In the car with me, she toggled back and forth between the two destinations she was simultaneously imagining—the hotel and the husband versus the nursing home—without ever seeming to see them as being in conflict. But only one scenario could be true.
***
Many Americans (and others around the globe) have maintained a suspended reality, too, in which they simultaneously believed that they lived in a functioning democracy while also on some level realizing tremendous harm was being visited on vulnerable communities.
Those of us without Alzheimer’s don’t have the luxury of maintaining this level of delusion. The government is currently sending law enforcement to terrorize civilians across the country, highlighting some locations as retaliation against the governors and mayors who stand up to Trump and his allies. The showboating involved in this escalation is breaking down barriers that normally silo people into their own little worlds.
Those silos breaking under pressure doesn’t mean all our differences are resolved. Yet in this moment, for now, it’s possible for them to matter less.
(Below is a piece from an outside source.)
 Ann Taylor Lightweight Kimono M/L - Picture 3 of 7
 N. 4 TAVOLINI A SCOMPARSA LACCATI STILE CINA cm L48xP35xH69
The many worlds are collapsing into two. In one, the U.S. government is actually enforcing existing immigration policy legally and according to democratic principles. In the other, elected officials are being threatened, everyday people are being kidnapped, protesters are being charged spuriously with crimes that do not exist, and documented and undocumented immigrants, as well as U.S. citizens, are being detained and murdered.
The crisis unfolding in towns and cities nationwide is presently centered on Minneapolis. This is a pivotal moment in American history. Likely at Stephen Miller’s behest, the president is sending what are effectively his personal shock troops to suppress dissent, openly assaulting countless people they decide are a threat.
Those who show up this winter, on the frigid streets of Minneapolis and elsewhere, are joining a long line of beautiful souls who have risked themselves at key moments to protect their fellow human beings. These are the true ancestors of the world I am hoping to live in.
We face hard times, but it’s a good moment to take a stand. The illusions that too many have nursed—and made it easy for others to nurse—in the past can no longer be maintained. Each person is summoned to rise as best they can against what’s happening. History is calling.